InfiniBand 是一個高頻寬、低延遲的網路架構，它廣泛用於高效能運算領域，但在 QEMU/KVM 虛擬機上以軟體虛擬化進行，效能與記憶體分配瓶頸仍有待突破。InfiniBand 介面卡 (HCA) 本身即有「透通作業系統」 (OS-bypass) 的特性，該特性允許裝置不經由作業系統，直接與應用程式透過直接記憶體存取 (DMA) 溝通以達到更高效能。前人提出的 Virt-IB 雖然可以達成 QEMU/KVM 中使用 InfiniBand，但 Virt-IB 沒有利用 OS-bypass 的特性，因此只能達成原始效能的 25%～50%。

本論文提出改進的 InfiniBand 虛擬化，稱為 Virt-IB-Memlink。我們以 Virt-IB 為基礎，加上兩個主要的方法來達到更高效能：第一個方法將虛擬機器內的記憶體連續化，以方便硬體直接存取虛擬機器內的記憶體；第二個方法使得虛擬機器可以直接通知裝置，不透過虛擬機監視器 (VMM) 與作業系統干涉以提升效能。透過上述方式，我們的 InfiniBand 虛擬化系統雖然會影響記憶體隨機讀取效率，但可以在一次傳輸較大資料下達成原生效能。

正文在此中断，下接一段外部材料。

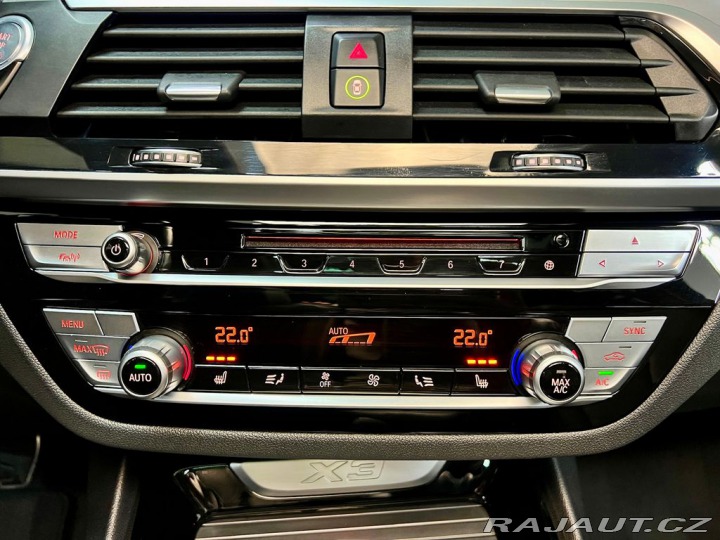 BMW X3 3.0d xDrive M-PAKET, PANO 2019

InfiniBand is a high-bandwidth, low-latency interconnection architecture, and is commonly used in clusters. However, there are performance overhead and memory allocation problem using InfiniBand in QEMU/KVM under software-based virtualization. InfiniBand host channel adapters have OS-bypass characteristic, which device communicates with user-space applications without OS involvement or data copying, thus provides better performance. Virt-IB is an InfiniBand virtualization implementation on QEMU/KVM. It was implemented without benefiting from OS-bypass, therefore it provides only 25%–50% of native throughput.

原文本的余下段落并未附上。